Glossary/Performance & Mobile
Performance & Mobile

Page Speed

How quickly a web page loads for users, a direct ranking factor.

Page speed refers to how quickly the content of a web page loads and becomes interactive for a visitor. It is a confirmed Google ranking factor and has a direct impact on user experience, bounce rates, and ultimately new client conversion rates.

For AEC firms, page speed is frequently problematic due to the high-resolution photography central to portfolio presentation. Uncompressed project images are the most common cause of slow load times on architecture and engineering firm websites. Images should be compressed, served in next-generation formats like WebP, and sized appropriately for the viewport in which they will be displayed.

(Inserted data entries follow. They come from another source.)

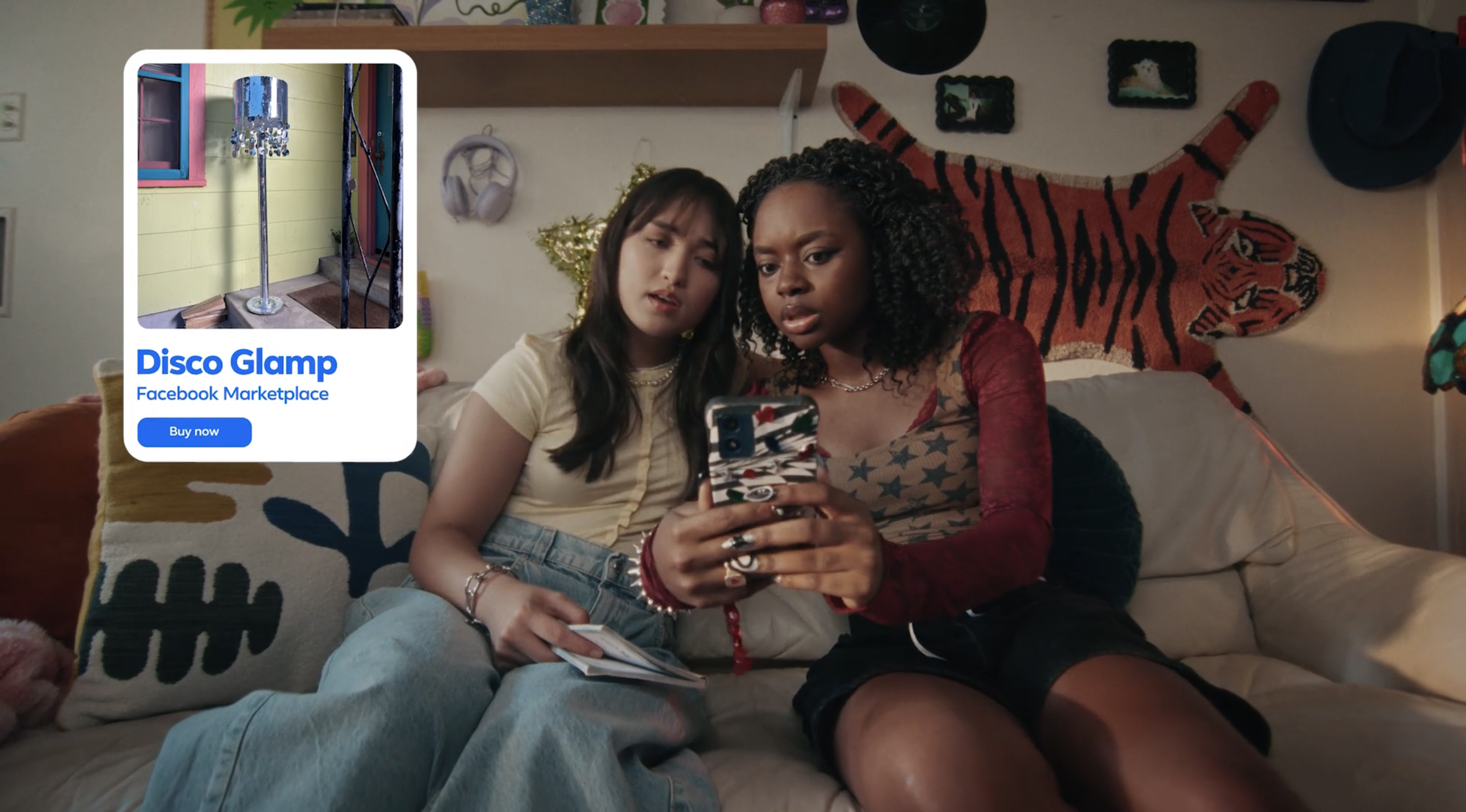 Two young women sitting on a beige couch, looking confused at a smartphone with a tiger print case. Behind them is a wall decorated with a tiger tapestry and various pictures. The woman on the left has long dark hair, wears a yellow top, and has a no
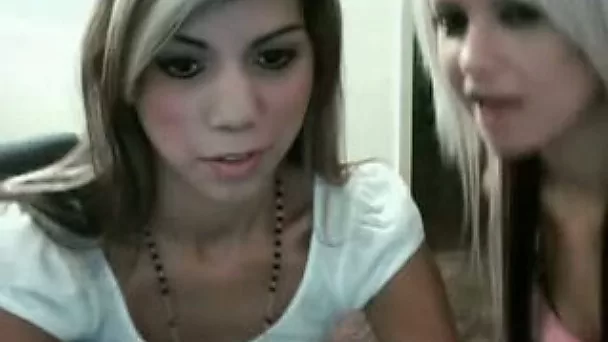 Tight and young webcam lesbies diddle each other's cunts for me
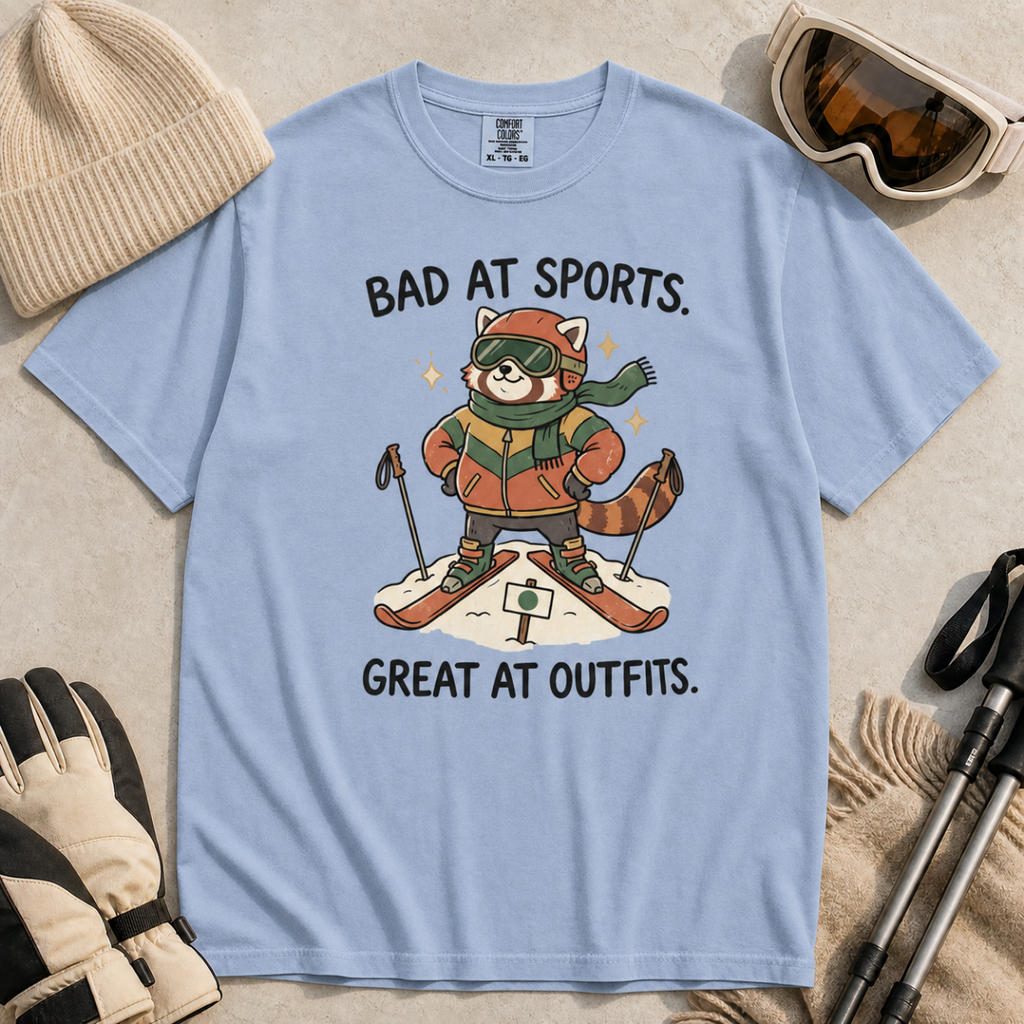 Flat lay of a washed denim blue t-shirt with a humorous red panda ski design celebrating fashionable gear over athletic ability.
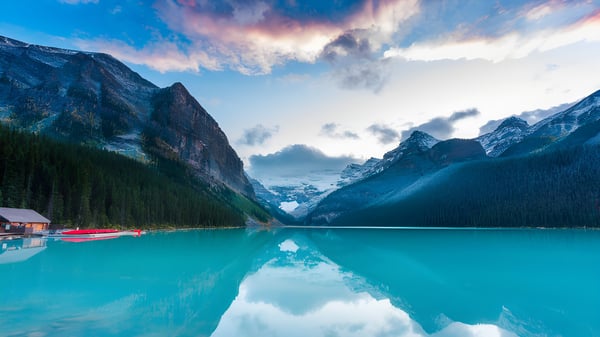Un tranquilo lago turquesa frente a montañas cubiertas de nieve en el terreno de la Westside Secondary School.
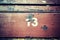 Number thirteen painted on an old wooden seat.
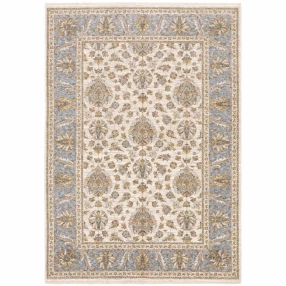 6' X 9' Ivory And Blue Oriental Power Loom Stain Resistant Area Rug With Fringe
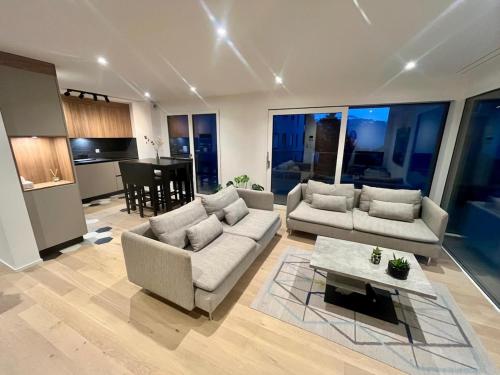 a living room with two couches and a table at Newly built 2-Bed Flat with parking in Pully in Pully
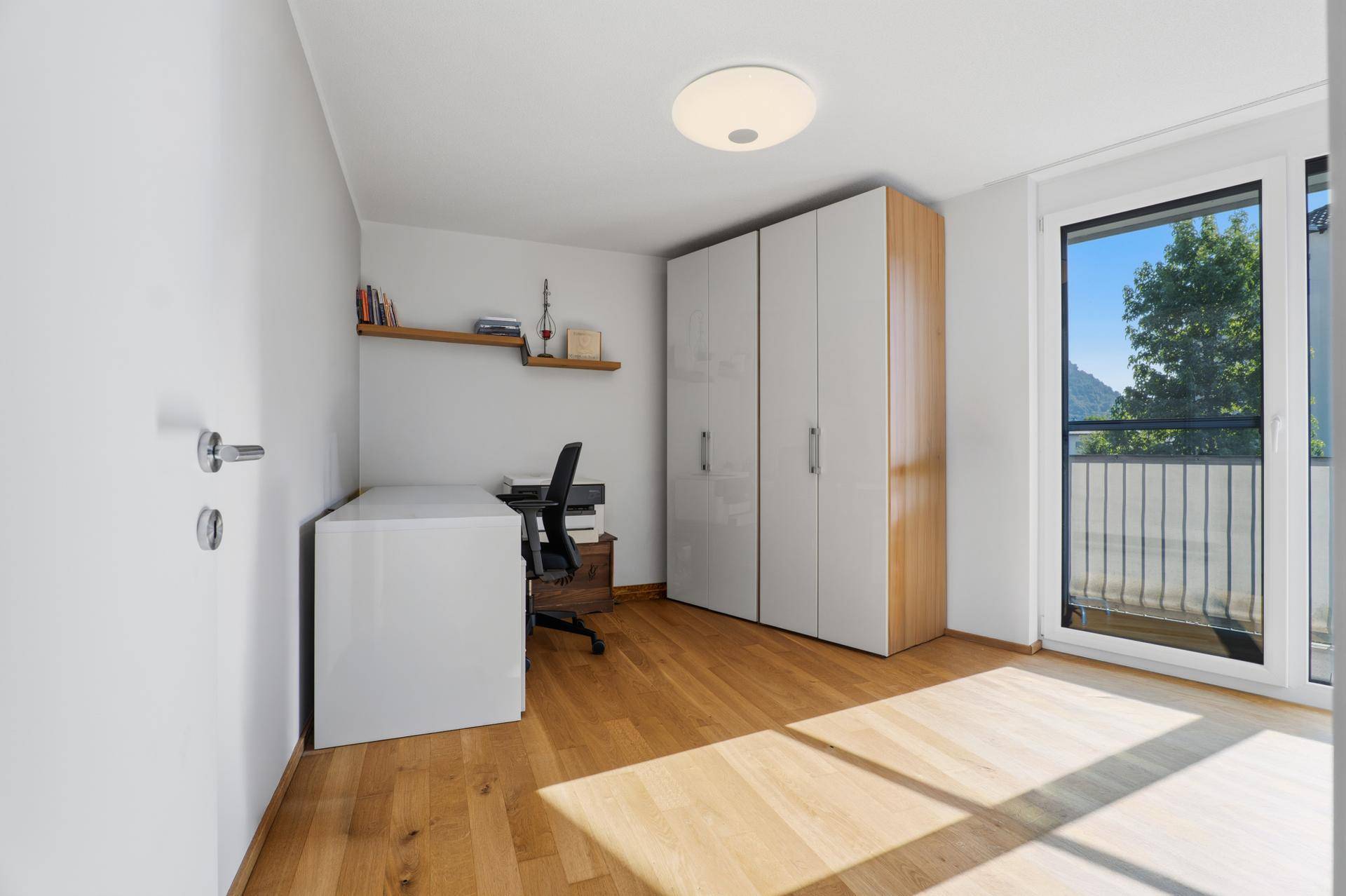 Helles Arbeitszimmer mit Holzboden, Schrank und Zugang zum Balkon.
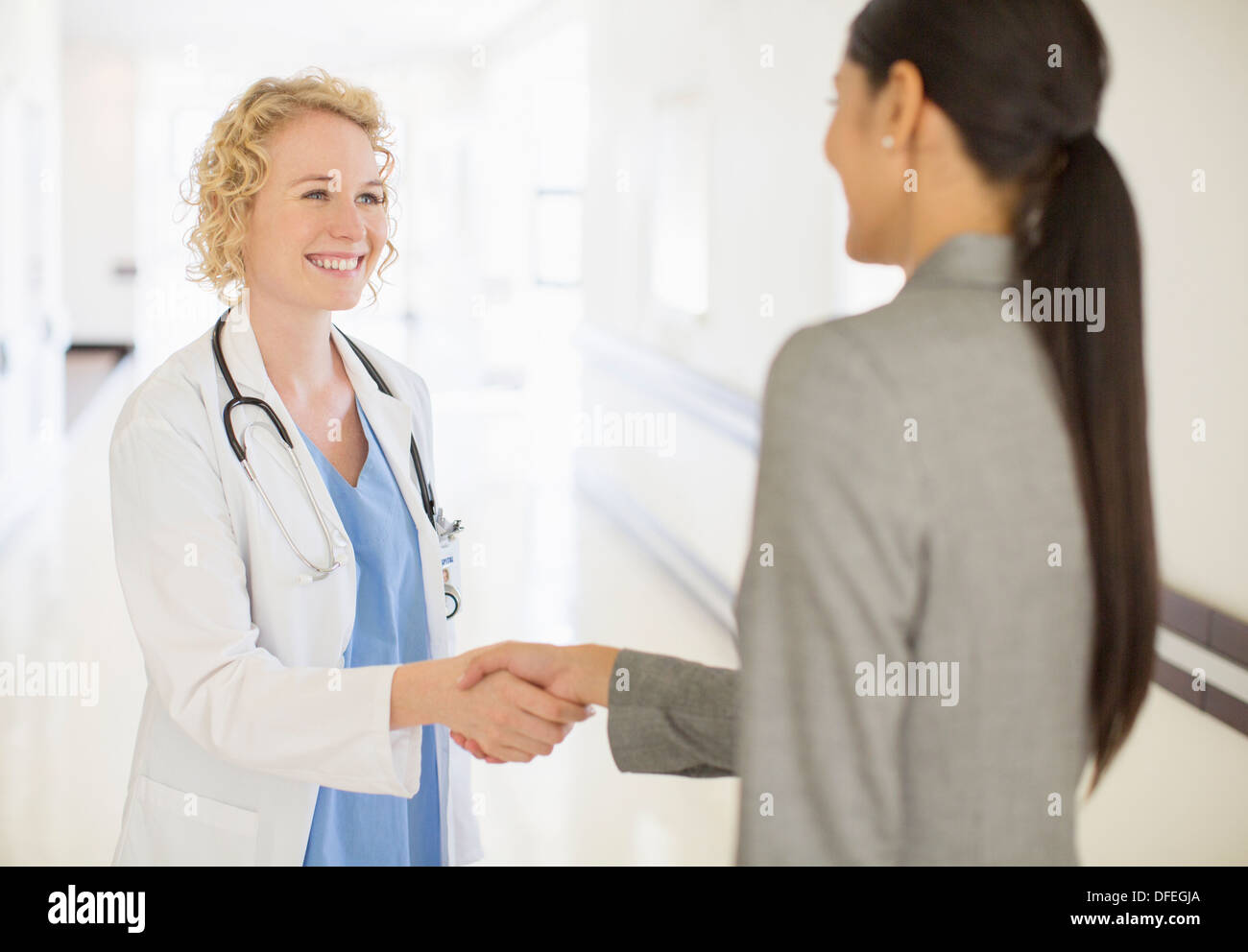 Medico e imprenditrice di handshaking ospedale in corridoio Foto Stock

Google's Core Web Vitals are the primary framework for measuring page experience. The three key metrics are: Largest Contentful Paint (LCP) — how quickly the main content loads; Cumulative Layout Shift (CLS) — how much the layout shifts unexpectedly during loading; and Interaction to Next Paint (INP) — responsiveness to user interactions.

Targeting a First Contentful Paint under 1.5 seconds and a full page load under 3 seconds should be the goal for AEC firm websites. Hosting on a CDN, enabling lazy loading for images below the fold, and minimising third-party scripts (chat widgets, analytics) are the most effective ways to improve these scores.